» **PROBLEM STATEMENT**
Under this line is a listing; return exactly the lines starting at the one with "カラットの天然レッドオレンジカーネリアン（10×10 mm・クッションカット）" and running down to the one with "Rustico 'al Casale'", and leave out its pictures.

» **INPUT**
· · ·
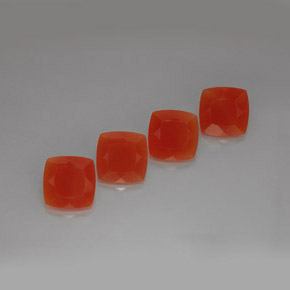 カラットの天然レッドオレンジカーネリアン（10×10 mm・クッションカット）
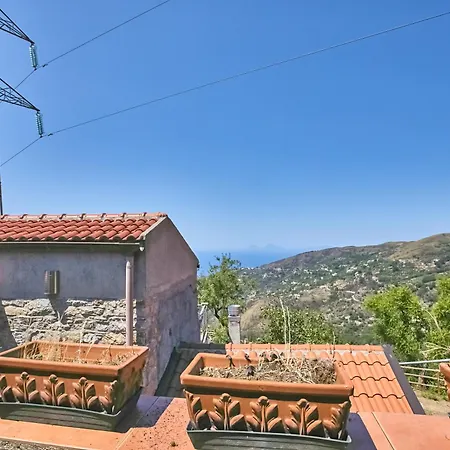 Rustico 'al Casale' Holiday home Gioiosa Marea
· · ·
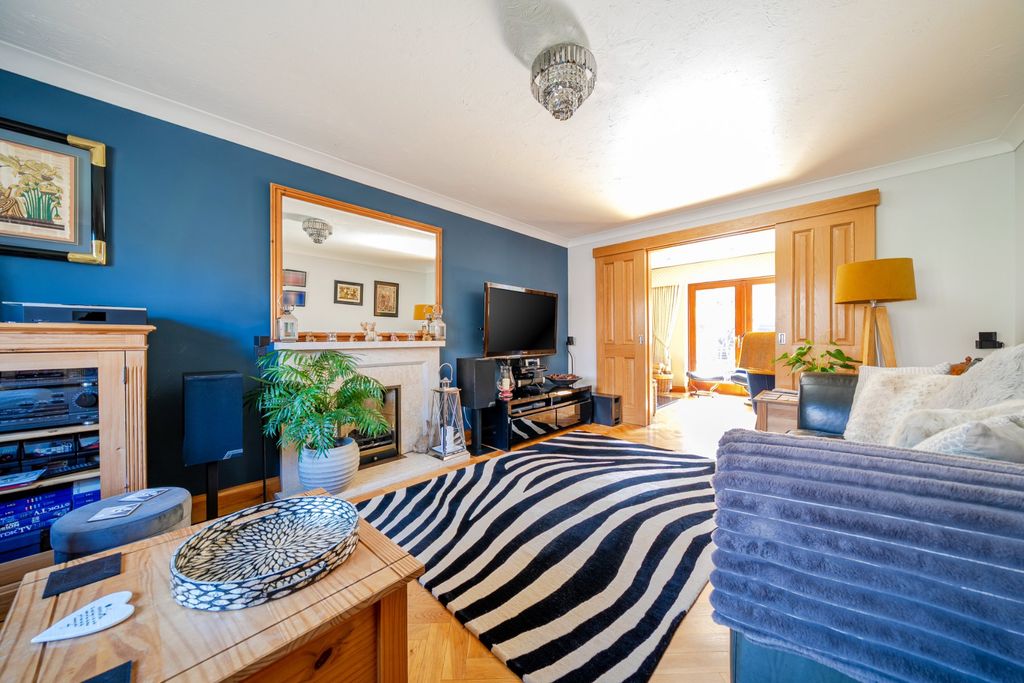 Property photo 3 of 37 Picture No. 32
· · ·
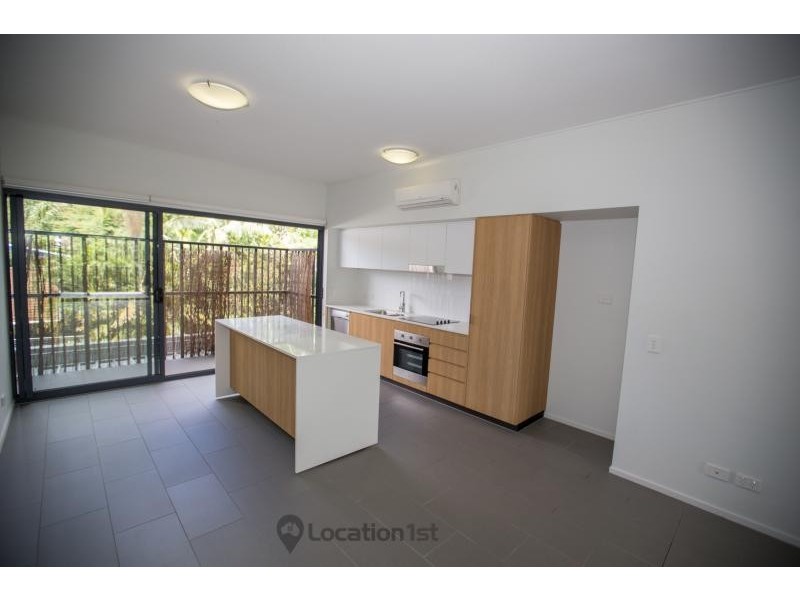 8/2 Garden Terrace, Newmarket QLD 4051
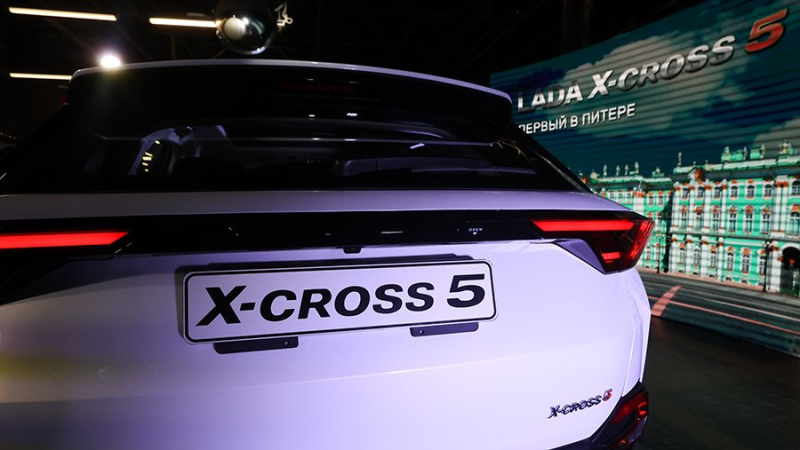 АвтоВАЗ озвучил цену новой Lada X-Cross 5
· · ·
» **TASK SOLUTION**
 カラットの天然レッドオレンジカーネリアン（10×10 mm・クッションカット）
 Rustico 'al Casale' Holiday home Gioiosa Marea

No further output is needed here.